After the cath was all done Dr. Day came and talked to me and told me her pressure's were higher then they were suppose to be which is a result in rejection, so we needed to wait for the biopsy to see how bad it was and what type of rejection it was.

Later that night we got the results back and we found out that it was antibody rejection, which means she will need to do plasma foresees. So she was admitted to the CICU while doing her treatments she needed 5 of them every other day. It is a machine that filter's her plasma and puts back the good plasma.

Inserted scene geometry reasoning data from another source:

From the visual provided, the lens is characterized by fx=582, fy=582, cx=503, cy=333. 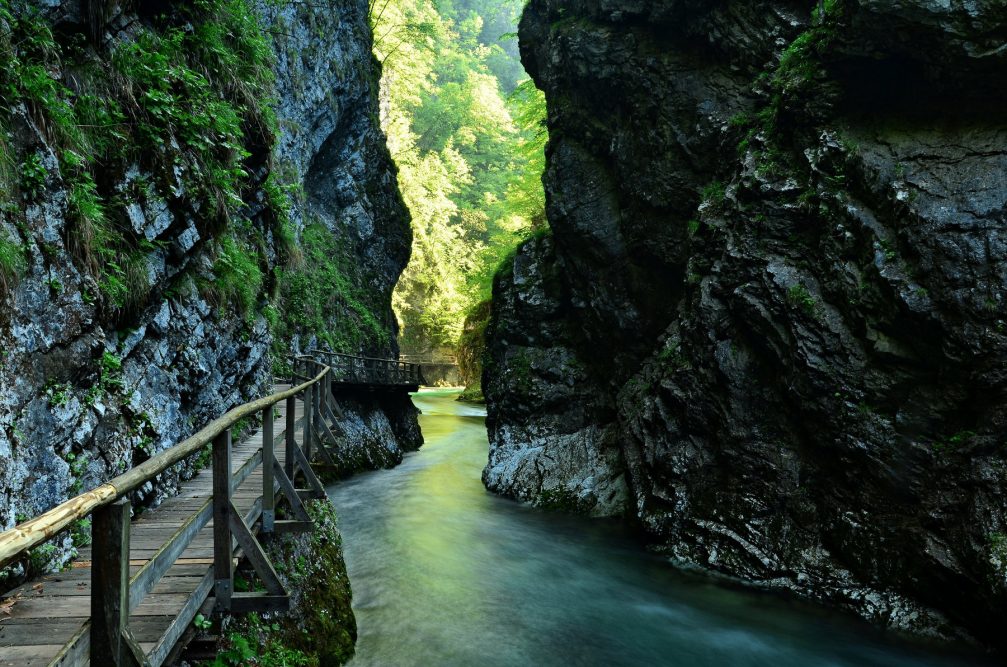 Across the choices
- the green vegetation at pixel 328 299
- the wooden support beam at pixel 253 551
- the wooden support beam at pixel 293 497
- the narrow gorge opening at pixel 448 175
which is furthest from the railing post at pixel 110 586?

We eventually were able to go to CSU which is the floor, so it was a little more relaxed and Kenzie was able to go to the play room but of course she had to wear a mask. She was able to finish her plasma foresees on the floor so that was nice for her.

Patrolling the halls

Being the Dr. instead of the patient

We had to spend Halloween there which wasn't to bad grandma Lehwalder came and gave Kenzie some Halloween decorations to put up in her room. Later that day they had a Halloween party and trick or treating around the hospital. Kenzie and Braxton dressed up, Kenzie was the cutest witch there and braxton was spider man who kept webbing every nurse in sight
(yes he likes to flirt). They both ended up with a bag full of candy and goodies, it turned out to be a nice Halloween all things consider.

Her last treatment was on Nov 5th and the she got 2 other treatments IVIG, and Rituximab they wanted to see how it went and how she reacted to the other 2 treatment before getting released. She did pretty well she threw up once, but no reaction which is good.

Sunday came and we finally got discharge she went home on 9 different medications, but she was glad to get the IV out of her neck and the pic line out of her arm. She will have to continue the IV treatments The Rituximab is a 4 time treatment which we will do at PCMC when she goes in for her clinic, and the Rituximab is a 6 time treatment once a month at home.

Thank you all for your thoughts and prayers through out the week.